Look at the bear that was on school property off Silver Lake rd yesterday at 7:30 Am 6/13/11. How big is she, this is the mother of the road kill at Silver lk and Secor rd. The pic is on 7 and 4 news this morning.


----------



## 7mmsendero (Dec 2, 2010)

We had a bear on our property near Ellsworth last fall for a few days. We always knew it was possible and that bears were in the general area. However, the population seems to be doing pretty well, and they seem to be on the move.


----------



## Robert Holmes (Oct 13, 2008)

Lots of food and little hunting pressure could make some bears get pretty big. I have seen some pretty big ones in the EUP in areas where they are just not hunted.
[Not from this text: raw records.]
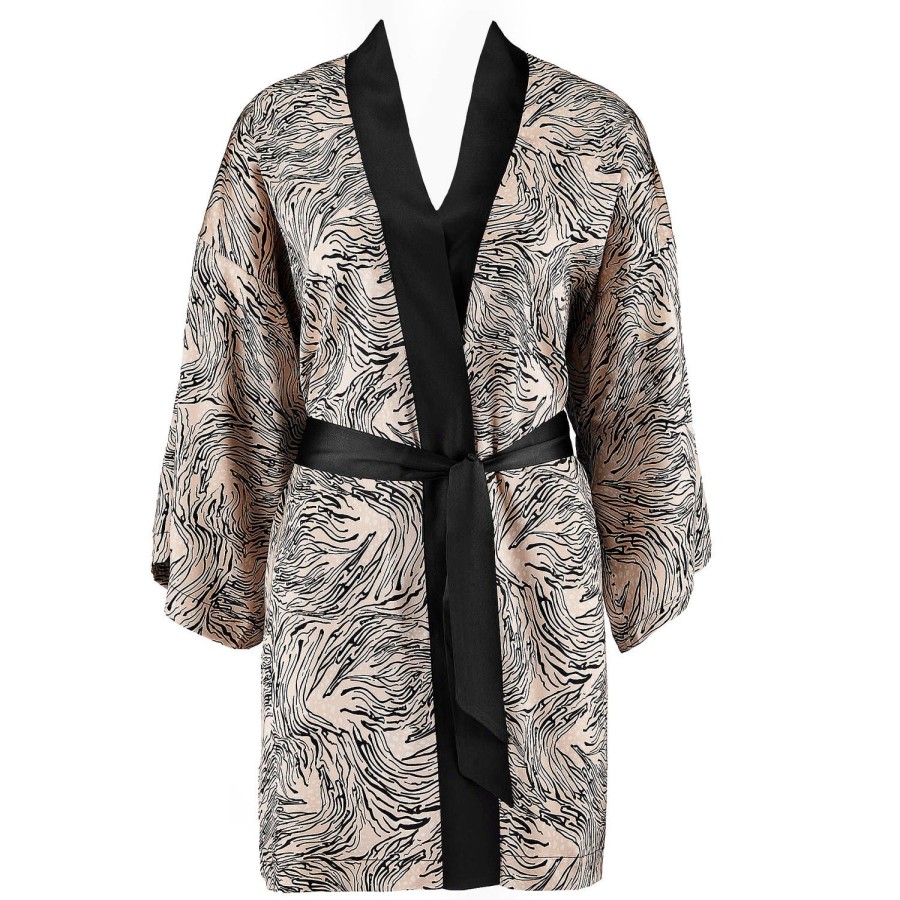 Lingerie De Nuit Aubade | Kimono En Soie Feline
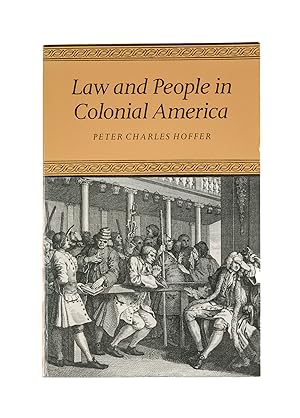 Immagine del venditore per Law and People in Colonial America venduto da The Lawbook Exchange, Ltd., ABAA  ILAB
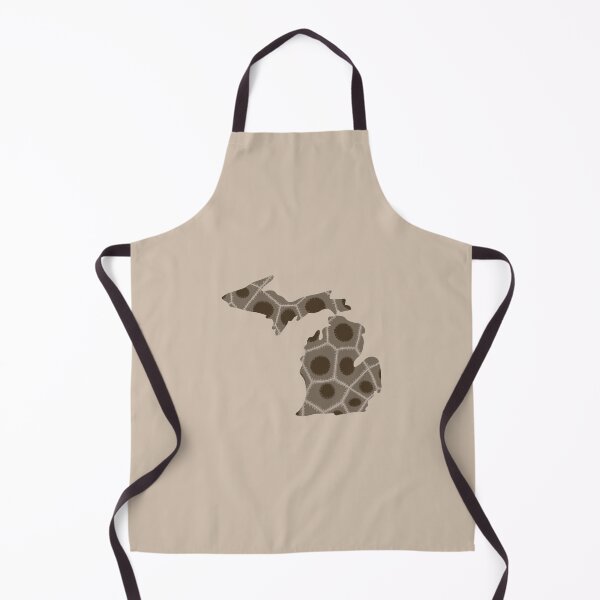 Item preview, Michigan State Petoskey Stone Cut-out designed and sold by laurcich.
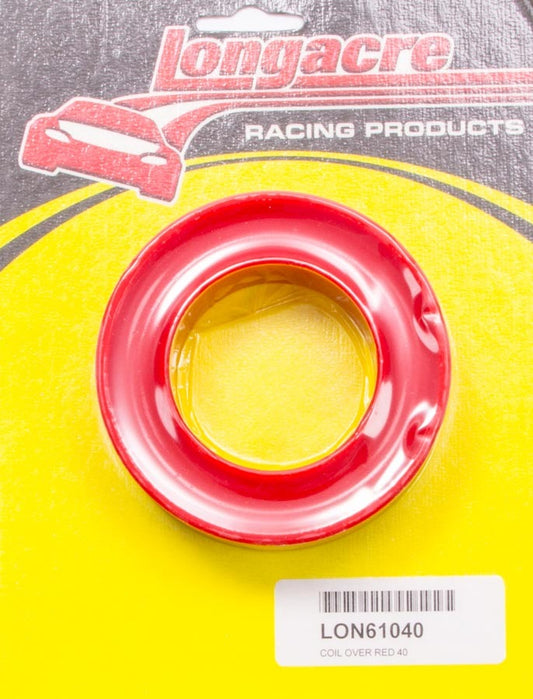 Longacre Coil Over Spring Rubber Red 40 MPN LON52-61040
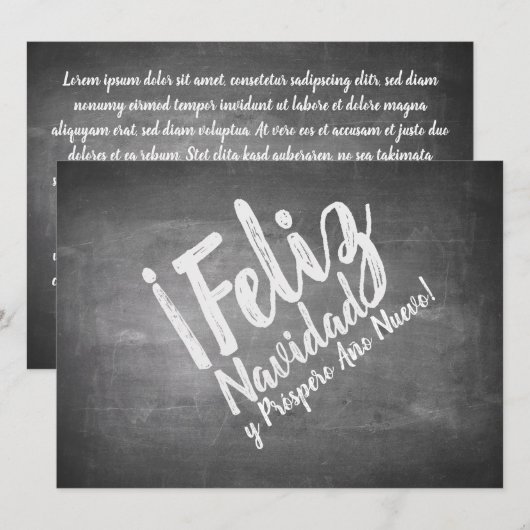 Saludos de Navidad en La Pizarra (Voorkant / Achterkant)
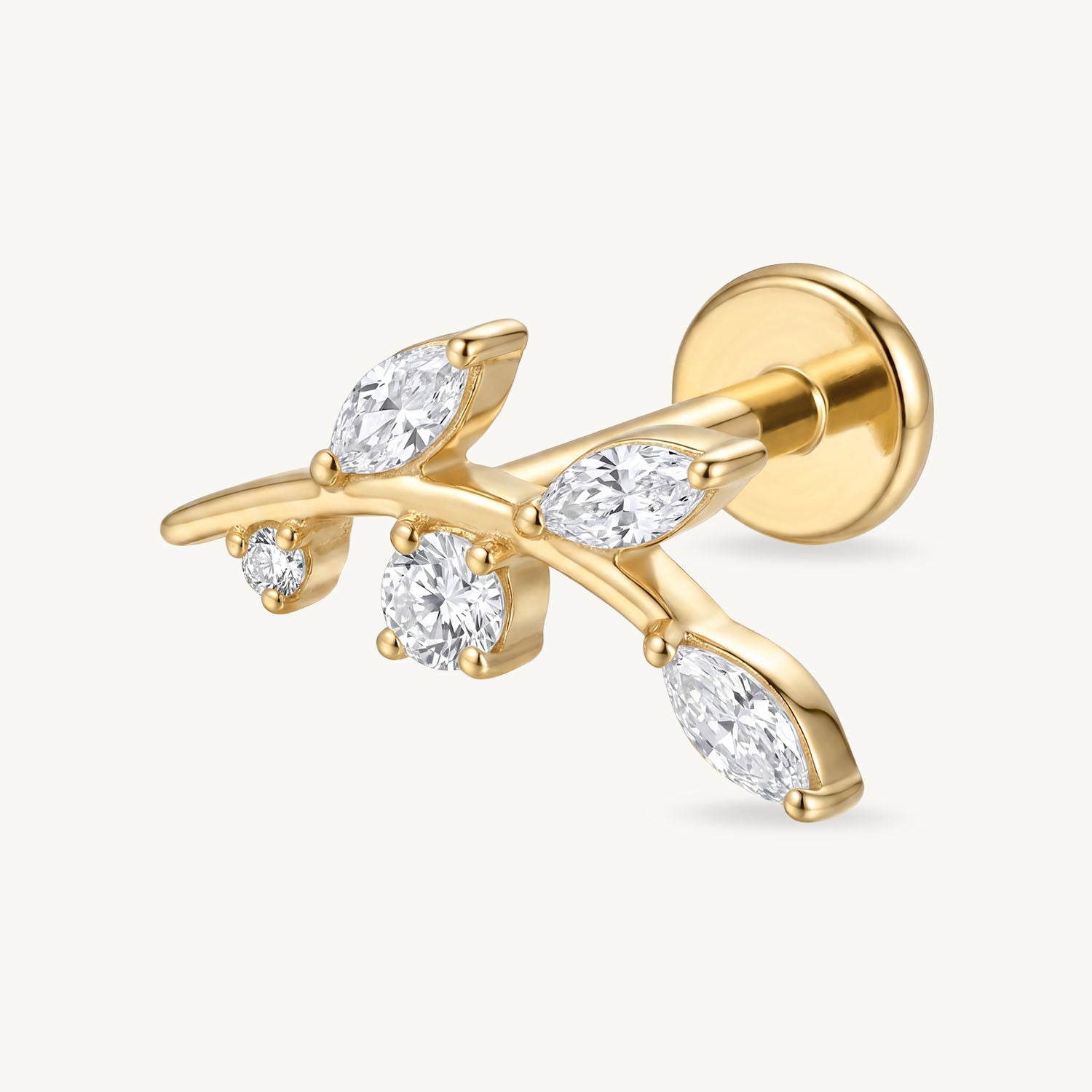 Marquise branch gold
I guess some guys have predetermined that getting them out is not worth the effort to hunt there. I don't imagine that the DNR issues too many permits in GT county


----------



## fishfurfarmnmore (Jun 3, 2011)

Robert Holmes said:


> Lots of food and little hunting pressure could make some bears get pretty big. I have seen some pretty big ones in the EUP in areas where they are just not hunted. I guess some guys have predetermined that getting them out is not worth the effort to hunt there. I don't imagine that the DNR issues too many permits in GT county


There are only 50 permits for all of Baldwin unit which covers from 131 to lake Michigan and from a little bit of kalkaska to just north of cedar springs a lot of area for 50 permits and average 50 % kill rate and most are 150_175 lb 18 month old bear so there are.some.monsters out there I know of.at least 5 that are in the 500 lb range
_Posted via Mobile Device_


----------